───── RECORDS TO USE

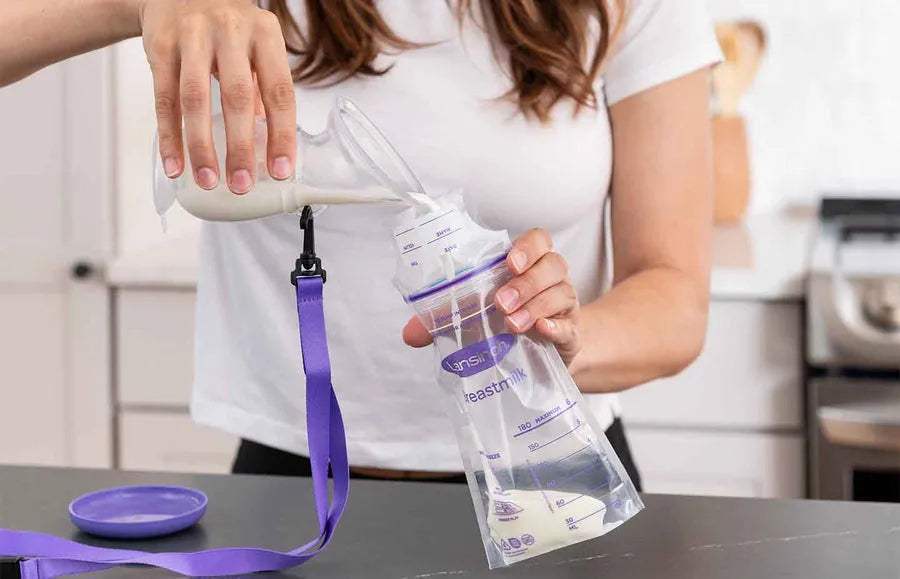Versement du lait tiré d'un biberon dans un sachet de conservation Lansinoh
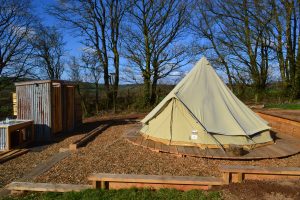 Our Bell Tent with its own deck and facilities (kitchen, shower and toilet). It comes with a double bed and two singles.Please bring your own bed linen and utensils.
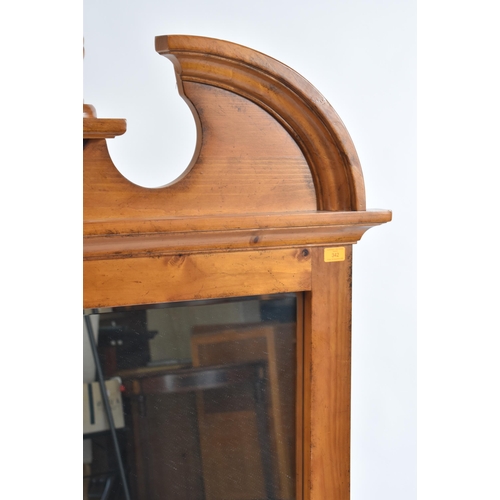 342 - A vintage 20th century American pine hanging mirror. The mirror having a carved pediment top with ce... 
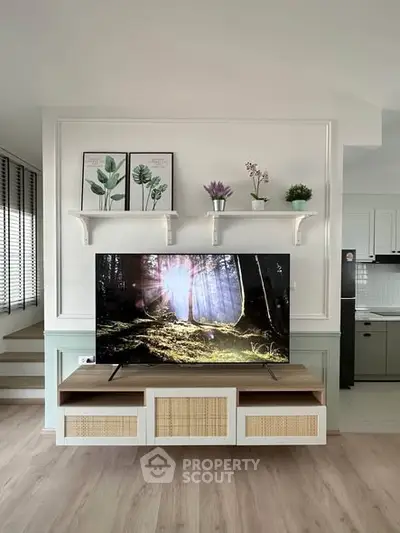 Modern living room with stylish TV setup and decorative shelves, featuring a serene and inviting atmosphere.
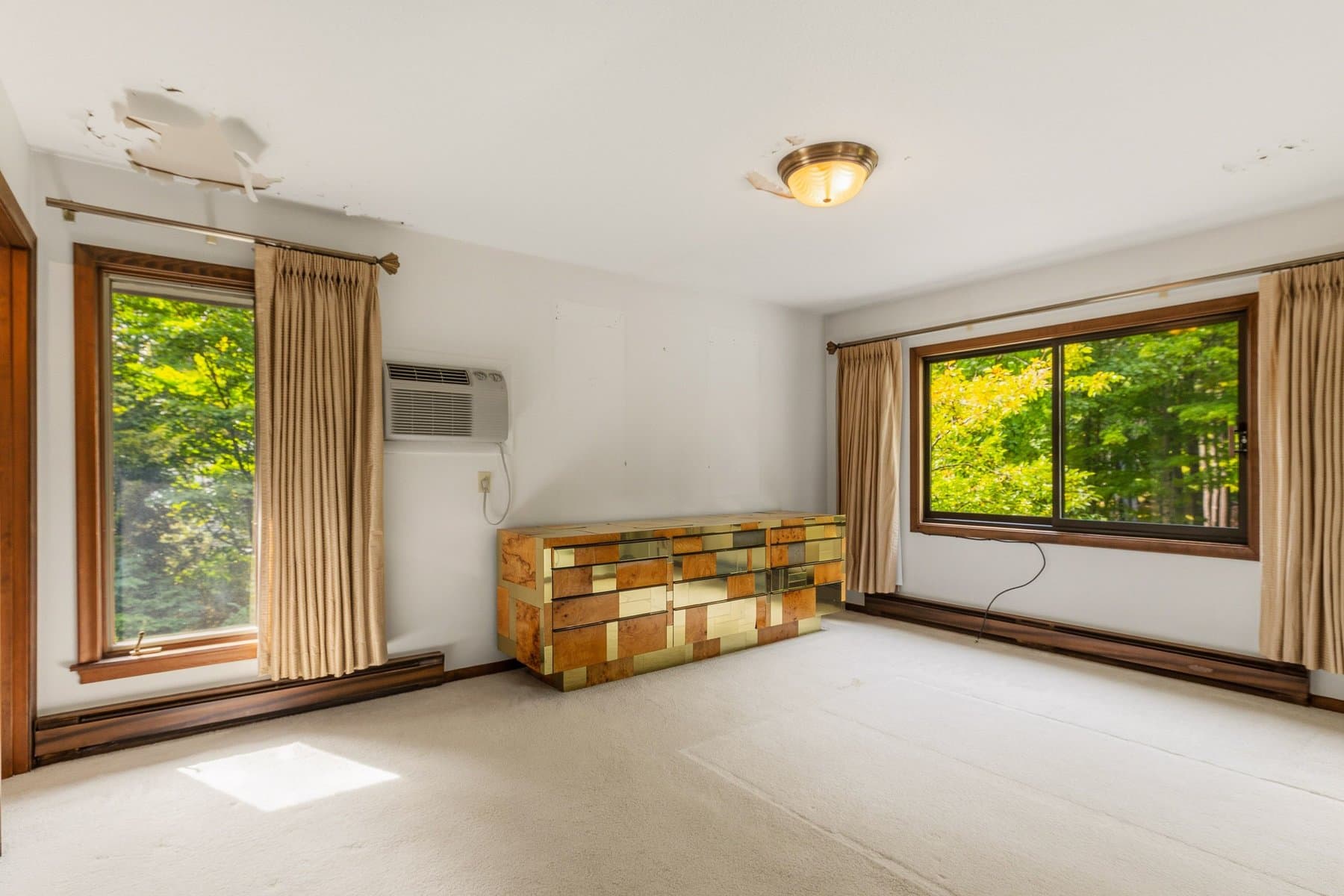 The primary bedroom with 2 windows, a window air conditioner, and a patchwork wood dresser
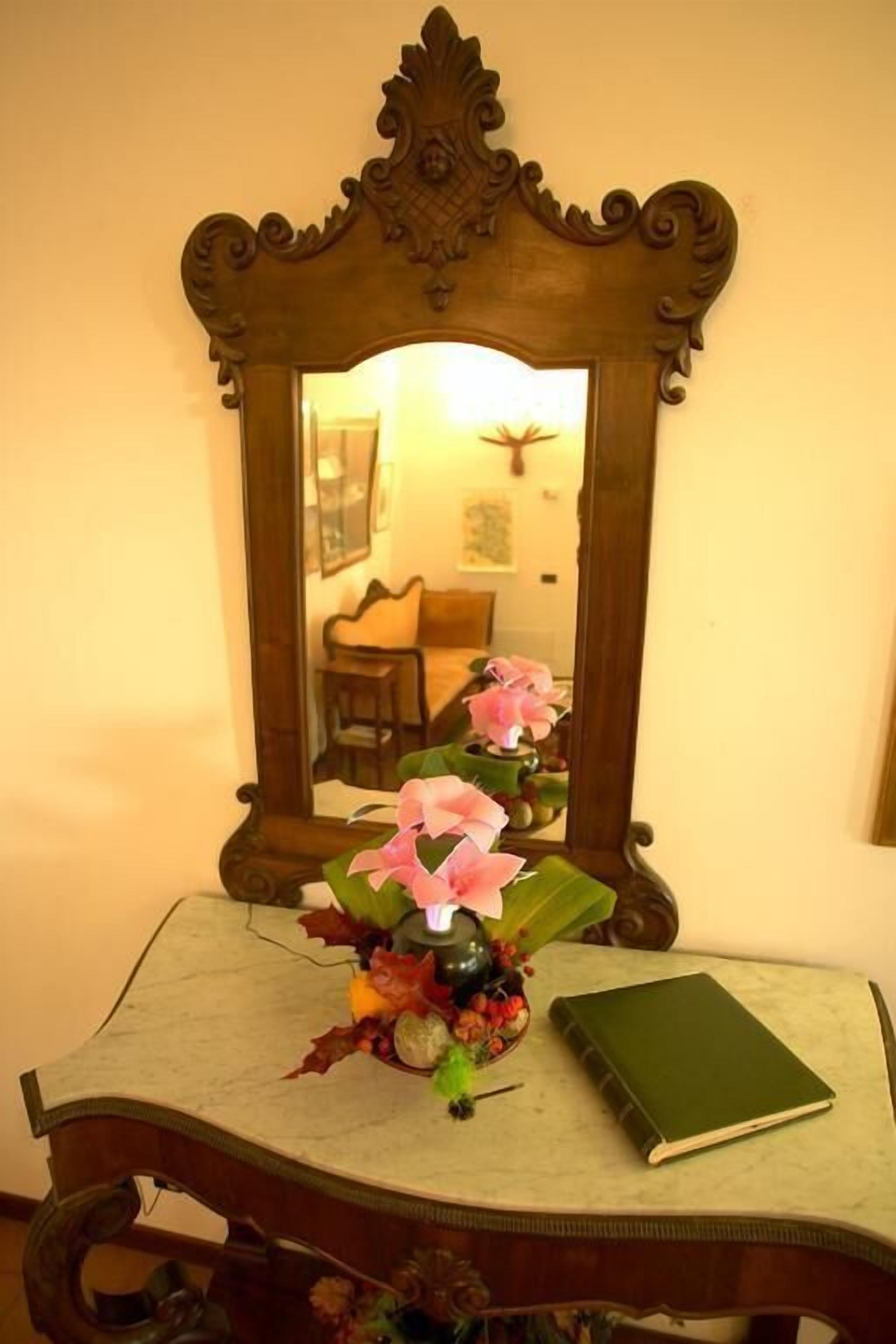 A table with a vase of flowers, a book, and a mirror.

──────────

PROBLEM TO WORK ON
In the answer, give only the lines from the top of the data above through the line with "342 - A vintage", reproduced exactly; no picture may appear.

ANSWER SECTION
Versement du lait tiré d'un biberon dans un sachet de conservation Lansinoh
 Our Bell Tent with its own deck and facilities (kitchen, shower and toilet). It comes with a double bed and two singles.Please bring your own bed linen and utensils.
 342 - A vintage 20th century American pine hanging mirror. The mirror having a carved pediment top with ce... 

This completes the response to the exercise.